[Brief descriptive captions]
┄┄┄┄┄┄┄┄┄┄┄┄┄┄┄┄┄┄┄┄

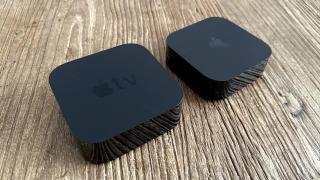 Apple TV de 2021 (izq.) y de 2022 (der.)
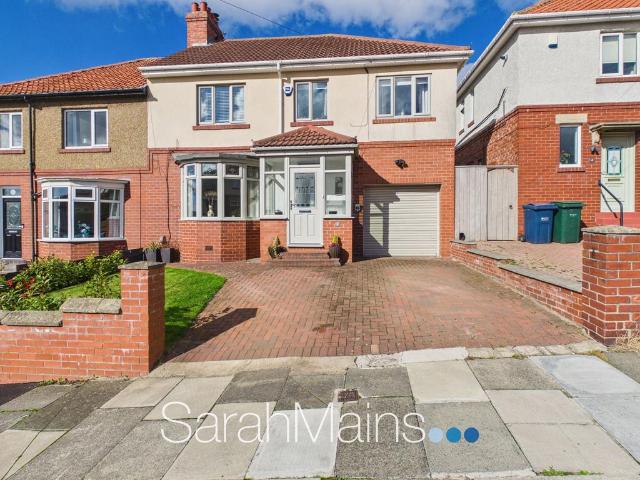 4 bedroom semi detached house for sale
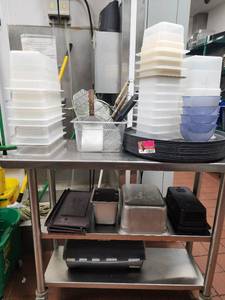 lot 10842 image: Assortment of 14 Cambro 16, 4 Cambro 3.5L, 8 Cambro 13 Food Storage Containers, and Other Items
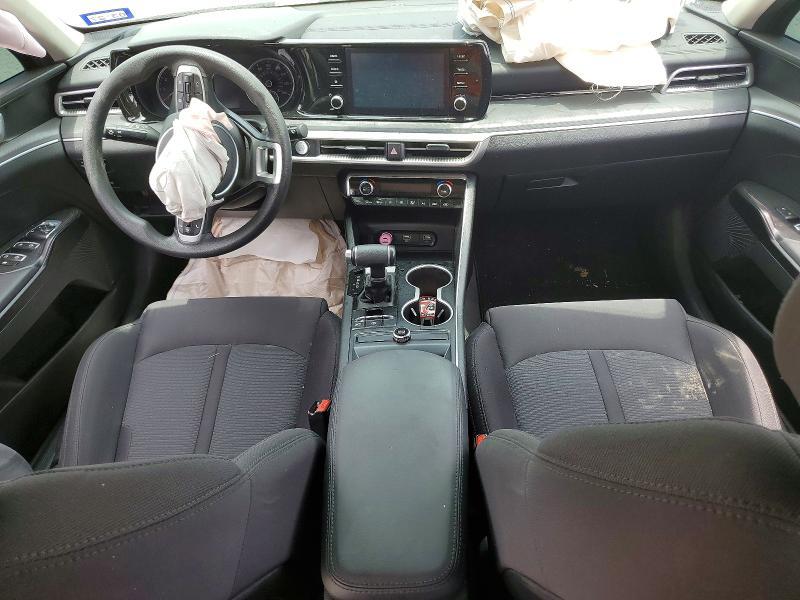2023 KIA K5 LXS — Фото 8 из 12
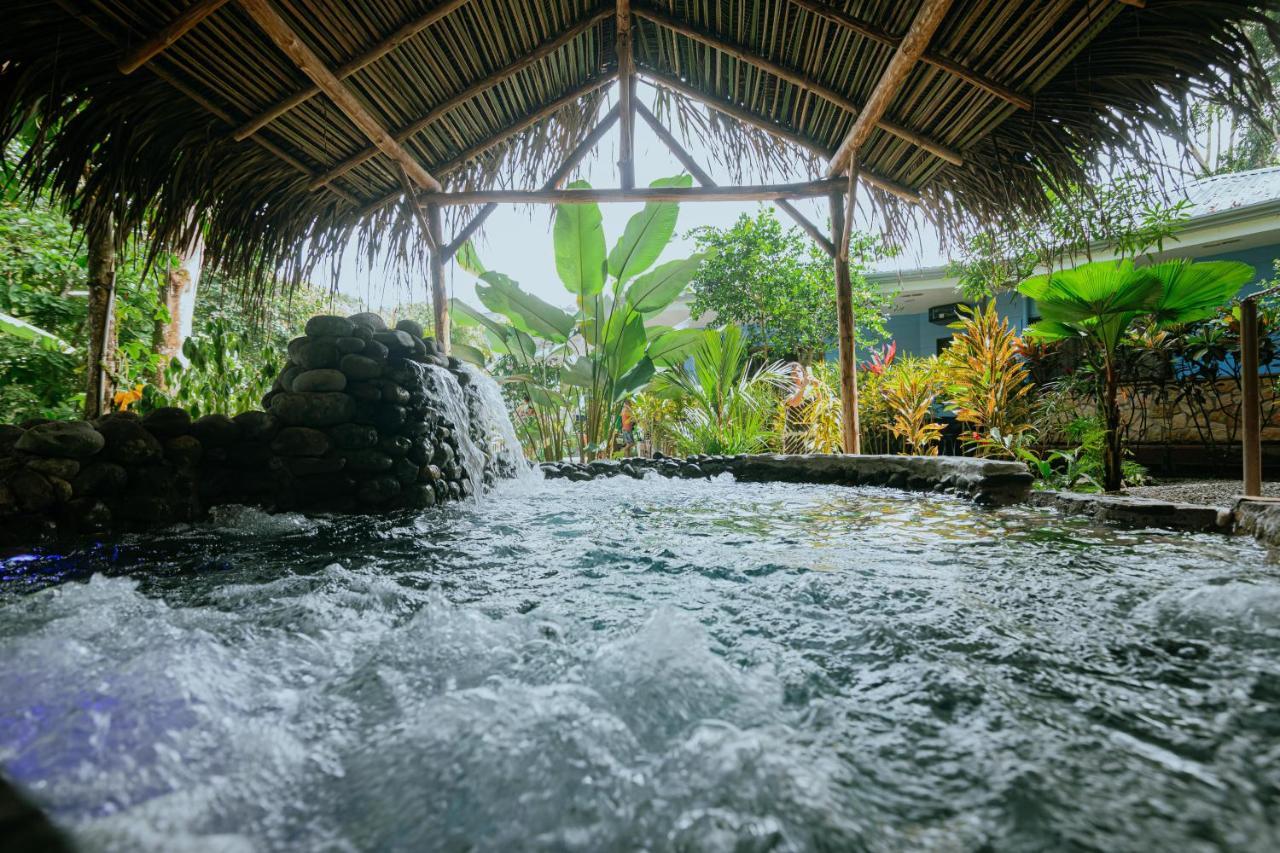 Oasis Diverse Adult Retreat Quepos Exterior photo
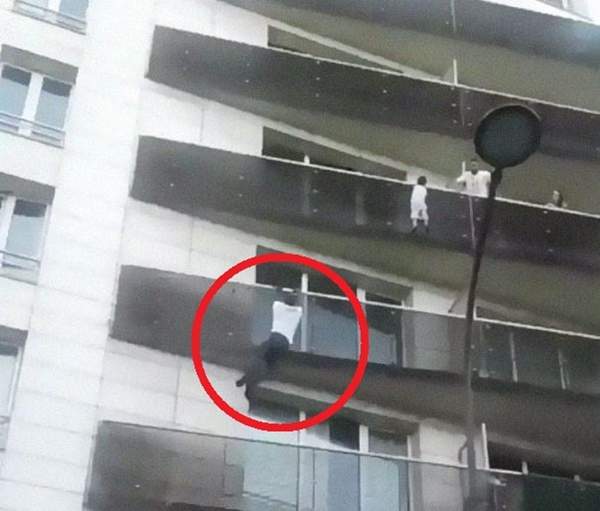 巴黎版蜘蛛人《男子徒手爬大樓》英勇救出四歲男童感動眾人 巴黎版蜘蛛人《男子徒手爬大樓》英勇救出四歲男童感動眾人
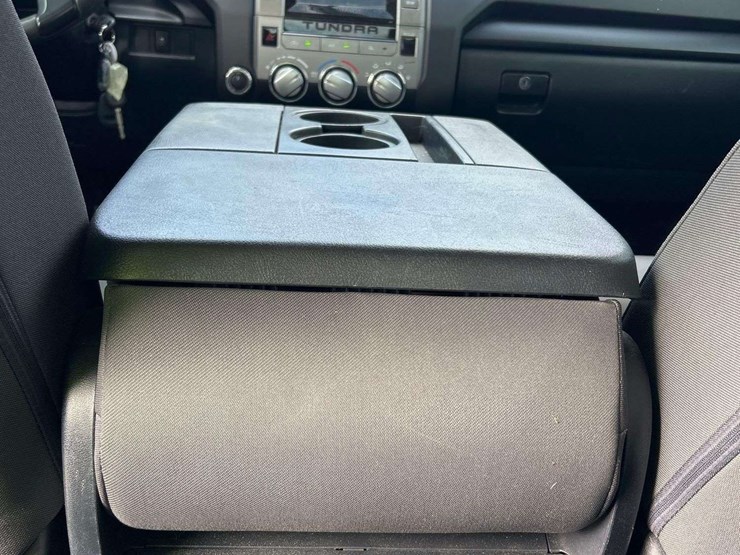 2017-toyota-tundra-image-26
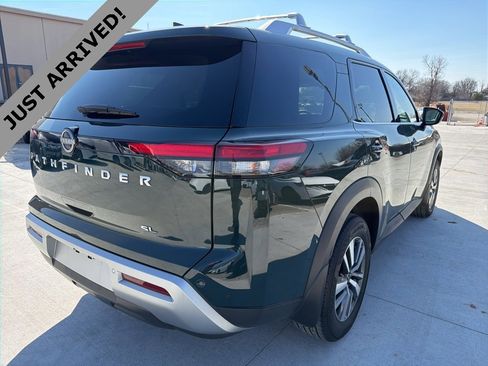 Certified 2024 Nissan Pathfinder SL image 5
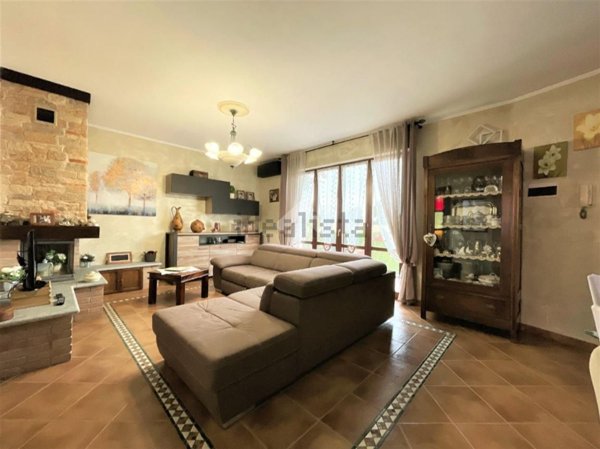 casa indipendente in vendita a Saluggia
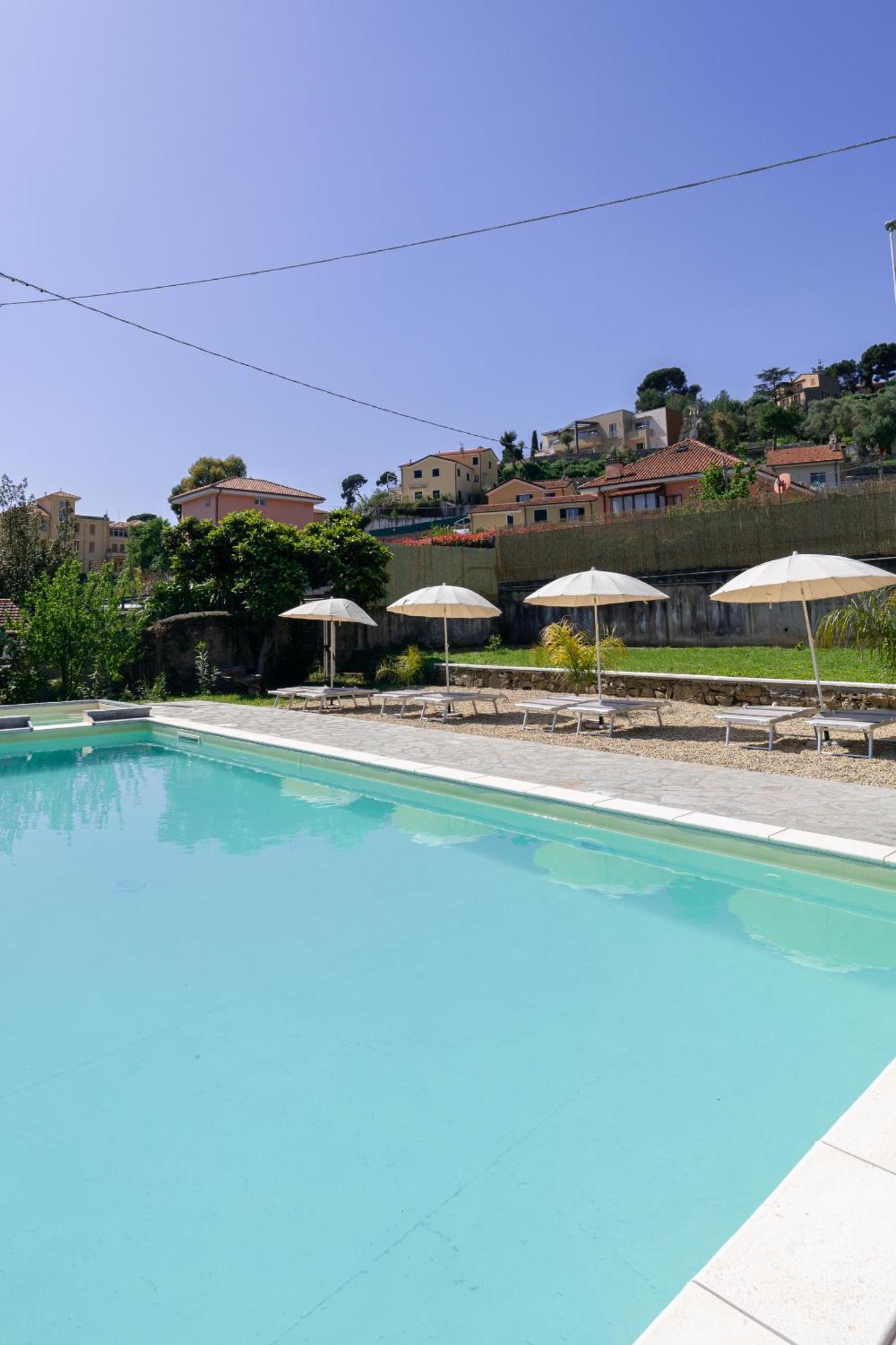 Il Gattino Di Porto - Apt 5 - Bilocale Terrazzo Piscina Imperia Exterior photo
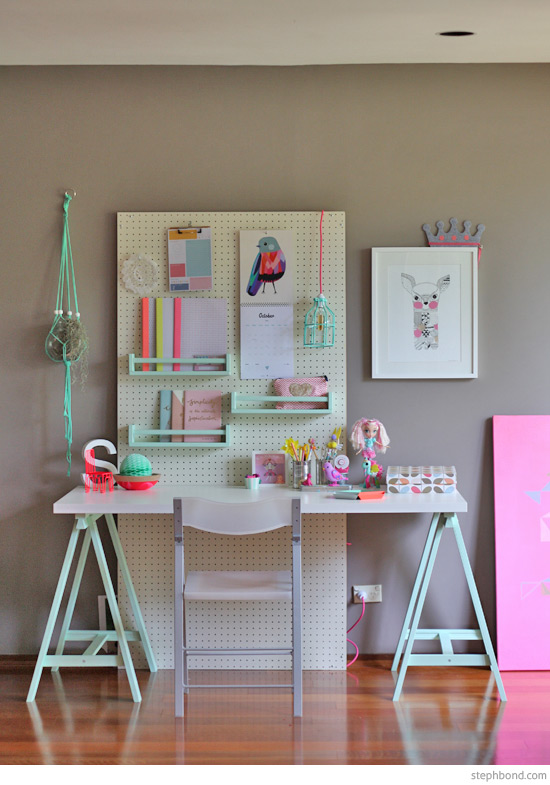 via http://blog.stephbond.com/2014/11/flexible-kids-study-space-with-pegboard.html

┄┄┄┄┄┄┄┄┄┄┄┄┄┄┄┄┄┄┄┄

[Task requirements] Once the pictures are removed, return the entries exactly as they stand.

[Expected output]
 Apple TV de 2021 (izq.) y de 2022 (der.)
 4 bedroom semi detached house for sale
 lot 10842 image: Assortment of 14 Cambro 16, 4 Cambro 3.5L, 8 Cambro 13 Food Storage Containers, and Other Items
2023 KIA K5 LXS — Фото 8 из 12
 Oasis Diverse Adult Retreat Quepos Exterior photo
 巴黎版蜘蛛人《男子徒手爬大樓》英勇救出四歲男童感動眾人 巴黎版蜘蛛人《男子徒手爬大樓》英勇救出四歲男童感動眾人
 2017-toyota-tundra-image-26
 Certified 2024 Nissan Pathfinder SL image 5
 casa indipendente in vendita a Saluggia
 Il Gattino Di Porto - Apt 5 - Bilocale Terrazzo Piscina Imperia Exterior photo
 via http://blog.stephbond.com/2014/11/flexible-kids-study-space-with-pegboard.html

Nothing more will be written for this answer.